Tim Peters tim.one@comcast.net
Thu, 28 Feb 2002 14:42:35 -0500

[Jack, skip to the end please]

[David Abrahams, on
    Include/objimpl.h:275: double dummy;  /* force worst-case alignment */
> As I read the code, it affects all types (doesn't this header begin every
> object, regardless of its GC flags?)

Nope, only objects that go through _PyObject_GC_Malloc().  It could be a
nightmare if, e.g., every string and int object consumed another (at least)
12 bytes.

> and I think that's a very unhappy circumstance for your numeric
> community. Remember, the type that raised the alarm here was just a
> long double.

The *Python* numeric community is far more likely to embed a float than a
long double, and in any case seems unlikely to build a container type
mixing long double with PyObject* members (i.e., one that ought to
participate in cyclic gc).

I expect we have a blind spot towards long double in general since Python
doesn't expose or use such a thing, all the developers run on platforms
where (as far as they know <wink>) it's the same as a double, and "long
double" was introduced after K&R (so some old-timers likely aren't even
aware C89 introduced it).

But I'll change the code here to use long double instead -- it's harmless,
as it doesn't make a lick of difference on any platform that matters <0.7

>> Only the objimpl.h trick might benefit from maximal alignment.

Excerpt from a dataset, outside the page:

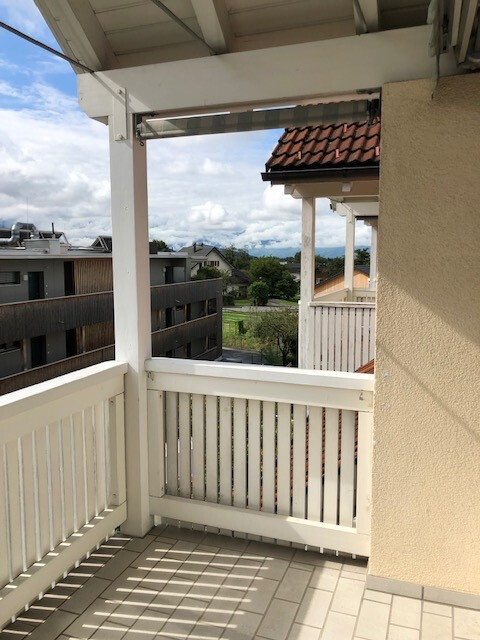 Gemütliche Dachgeschosswohnung mit Garage, Balkon, Garten und Extras!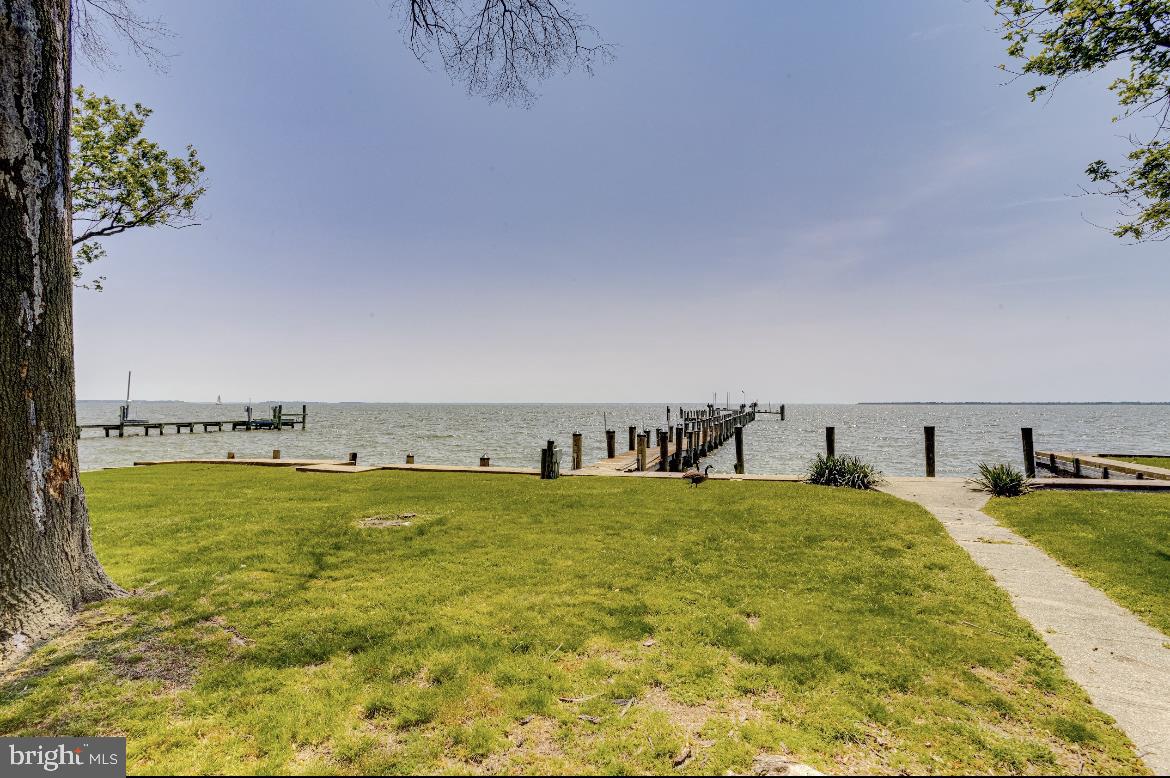 BOWLEYS QUARTERS - Residential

> I'm not actually after maximal alignment; I look for a minimally-
> sized/aligned type whose alignment is a multiple of the target
> type's alignment. In any case, I was just using the assumption that
> double was maximally aligned since I was linking with Python code
> and the EDG front-end was too slow to handle the metaprogram -- I
> figured that if the assumption was good enough for Python

Well, nobody has complained yet, but the core never needs alignment stricter
than double, and-- as above --an extension type that both did and needed to
participate in GC is unlikey.

> and my clients were depending on it anyway, it was good enough for
> my code (not!).

One of the secrets to Python's success is that we tell unreasonable users to
go away and bother the C++ committee instead.

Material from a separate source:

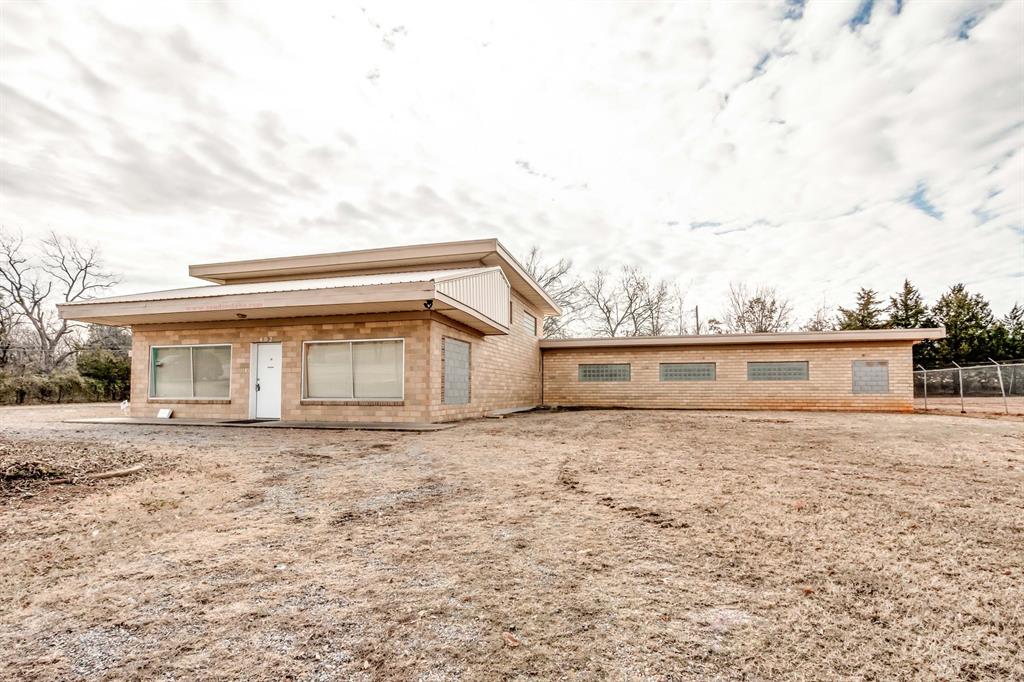 402 W Highland Street Property Photo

[128-byte alignment needed for KSR's _subpage type]
> I was aware that this was a theoretical possibility, but not that it
> was a practical one. What's KSR?

Kendall Square Research, my (and Tani's, Tamah's and Steve Breit's) employer
before Dragon.  The address space was carved into 128-byte "subpages", and
the hardware supported Python-style (non-owned non-reentrant) locks directly
on a per-subpage basis (Python's lock.acquire() and lock.release() were one
machine instruction each!).  Subpages were also the unit for cache coherency
across processors.  So use of _subpage in our system code, and in
speed-obsessed app code, was ubiquitous.  I guess the main thing KSR proved
was that you can't stay in business designing custom hardware to execute
Python's semantics directly <wink>.

> ...
> Seriously, though, I think it would be reasonable to stick to aligning
> the standard builtin types, in which can you can do the test without
> calling malloc, FWIW.

I checked this in:

	long double dummy;  /* force worst-case alignment */

[Guido, on
 	long	aligner;
> The malloc 8-byte align argument doesn't apply, since this struct is
> used in an array.

I was composing email while asleep <wink>.  Gotcha.

> ...
> This was added by Jack Jansen ages ago -- I think he did measure a
> speedup on an old Mac compiler, or he wouldn't have added it, and I
> bet there was a #define USE_CACHE_ALIGNED in his config.h then.
> But that's all history; I agree it should be deleted.

Jack, do you still want this?

fighting-code-rot-ly y'rs  - tim